▶ **Your objective**
Nothing but the lines from the one with "7509 Lakeshore Dr — Photo 2" down to the one with "بلوز مردانه مخمل طوسی مدل Raden" should be returned, exactly and with both ends included, from the material below.
Start of Extracted entries
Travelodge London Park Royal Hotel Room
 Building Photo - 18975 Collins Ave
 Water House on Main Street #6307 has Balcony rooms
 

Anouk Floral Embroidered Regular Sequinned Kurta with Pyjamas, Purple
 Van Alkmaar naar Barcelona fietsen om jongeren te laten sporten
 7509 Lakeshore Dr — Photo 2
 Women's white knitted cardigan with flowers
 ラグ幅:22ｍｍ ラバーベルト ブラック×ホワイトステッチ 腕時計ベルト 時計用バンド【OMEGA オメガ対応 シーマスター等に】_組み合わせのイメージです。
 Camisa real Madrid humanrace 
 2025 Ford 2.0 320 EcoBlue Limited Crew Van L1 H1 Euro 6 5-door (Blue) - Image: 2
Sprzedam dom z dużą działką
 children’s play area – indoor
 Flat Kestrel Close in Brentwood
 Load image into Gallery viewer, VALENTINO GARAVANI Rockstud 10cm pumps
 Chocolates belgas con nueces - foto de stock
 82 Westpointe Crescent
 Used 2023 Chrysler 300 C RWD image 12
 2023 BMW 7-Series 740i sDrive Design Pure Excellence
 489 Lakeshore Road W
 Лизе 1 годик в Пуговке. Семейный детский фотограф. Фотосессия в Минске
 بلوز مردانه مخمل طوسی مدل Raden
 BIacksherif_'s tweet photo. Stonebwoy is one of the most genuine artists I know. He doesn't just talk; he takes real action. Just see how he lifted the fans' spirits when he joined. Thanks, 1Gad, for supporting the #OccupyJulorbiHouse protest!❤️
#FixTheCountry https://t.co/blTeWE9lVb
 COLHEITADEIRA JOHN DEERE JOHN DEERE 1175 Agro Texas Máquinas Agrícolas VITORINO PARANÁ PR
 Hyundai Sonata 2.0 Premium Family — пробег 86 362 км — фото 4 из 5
End of Extracted entries
▶ **Reply to the task**
 7509 Lakeshore Dr — Photo 2
 Women's white knitted cardigan with flowers
 ラグ幅:22ｍｍ ラバーベルト ブラック×ホワイトステッチ 腕時計ベルト 時計用バンド【OMEGA オメガ対応 シーマスター等に】_組み合わせのイメージです。
 Camisa real Madrid humanrace 
 2025 Ford 2.0 320 EcoBlue Limited Crew Van L1 H1 Euro 6 5-door (Blue) - Image: 2
Sprzedam dom z dużą działką
 children’s play area – indoor
 Flat Kestrel Close in Brentwood
 Load image into Gallery viewer, VALENTINO GARAVANI Rockstud 10cm pumps
 Chocolates belgas con nueces - foto de stock
 82 Westpointe Crescent
 Used 2023 Chrysler 300 C RWD image 12
 2023 BMW 7-Series 740i sDrive Design Pure Excellence
 489 Lakeshore Road W
 Лизе 1 годик в Пуговке. Семейный детский фотограф. Фотосессия в Минске
 بلوز مردانه مخمل طوسی مدل Raden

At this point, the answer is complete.